Realtime RLS, how to notify anon users of changes?

[ruggi99]

Hi, I would like to implement a set of RLS policies so that only authenticated users can modify a certain table (no matter which row), but every user (anon too) can be notified by Realtime of every changes made in that table. Is that possible with the new Realtime RLS feature?

EDIT: (before it was possible because Realtime didn't have RLS)

Thanks

[w3b6x9]

@ruggi99 just a heads up I replied to your support ticket regarding this issue.

We're working hard to update Realtime RLS to incorporate all roles so very soon you can set a select policy like (auth.role() = 'anon') and have this work.

[ruggi99]

Thanks Wen

[maxibenner]

Hi, just checking in to see if there been any progress on this.

[w3b6x9]

@maxibenner we're currently working on incorporating this (see PR) into Realtime.

[allanwakes]

so I can achieve this via 1) enable RLS on table, 2) a select policy with (auth.role() = 'anon'), then client with anon api key would get changes? for now, I cannot get changes with RLS on

[w3b6x9]

@allanwakes that's correct, once rolled out you'll be able to do exactly that. Please email support@supabase.io with a link to this discussion and your project ref. Thanks!

[kav]

Maybe stupid question but in the interim couldn't you set the INSERT and UPDATE RLS policies to auth.role() = 'authenticated' and the SELECT policy to true that way you never need to check for the anon role. Or are you concerned about a third party selecting directly?

[w3b6x9]

just wanted to give an update that this has been rolled out to Supabase projects. You can include anon, or any other database role, in your RLS policies and Realtime RLS will notify the right party or parties accordingly.

[whymidnight]

i actually ran into this issue a few hours ago. issue #7630 is worth mentioning as it provides context.
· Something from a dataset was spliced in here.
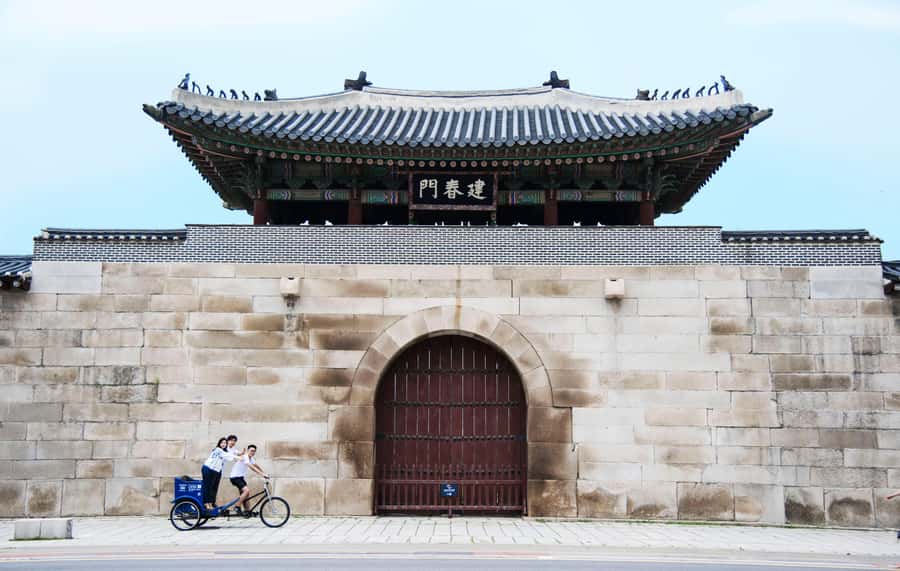 Seoul: Bukchon Hanok Village Pedicab Tour - Price and value: is $94 per person worth it?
basically if you want to scope the anon role with RLS and realtime, you need to pair the UPDATE policy with a SELECT policy. otherwise with just an UPDATE policy on an RLS+realtime enabled table, realtime UPDATE events will not propagate to the client.

for reference - to enable RLS and realtime UPDATE events for foo_table:

-- enable realtime
begin;
  drop publication if exists supabase_realtime;
  create publication supabase_realtime with (publish = 'update');
commit;

-- include foo_table
alter publication supabase_realtime add table foo_table;

-- create policies
create policy "anon_foo_table_select_policy"
on public.foo_table
for select
to anon
using (
  true
);
create policy "anon_foo_table_update_policy"
on public.foo_table
for update
to anon
using (
  true
) with check (
  true
);

maybe my brain was too fried and overlooked this in the documentation.. just wanted to share.

[ruggi99]

Hi @whymidnight, you are replying to a quite old thread.
The issue / feature request I wrote about one year ago has been resolved in about a month and it was raised due to un update to Realtime.
I think you're facing a similar issue, but different enough to raise a new issue / discussion.
FYI Realtime RLS with notification to anon users has worked and it is still working as now. I use it in my project and it doesn't need any configuration, so it comes with "batteries included"

[w3b6x9]

@whymidnight you're correct, when RLS is enabled on a table Realtime will look at the SELECT policies to determine if a subscriber should receive changes.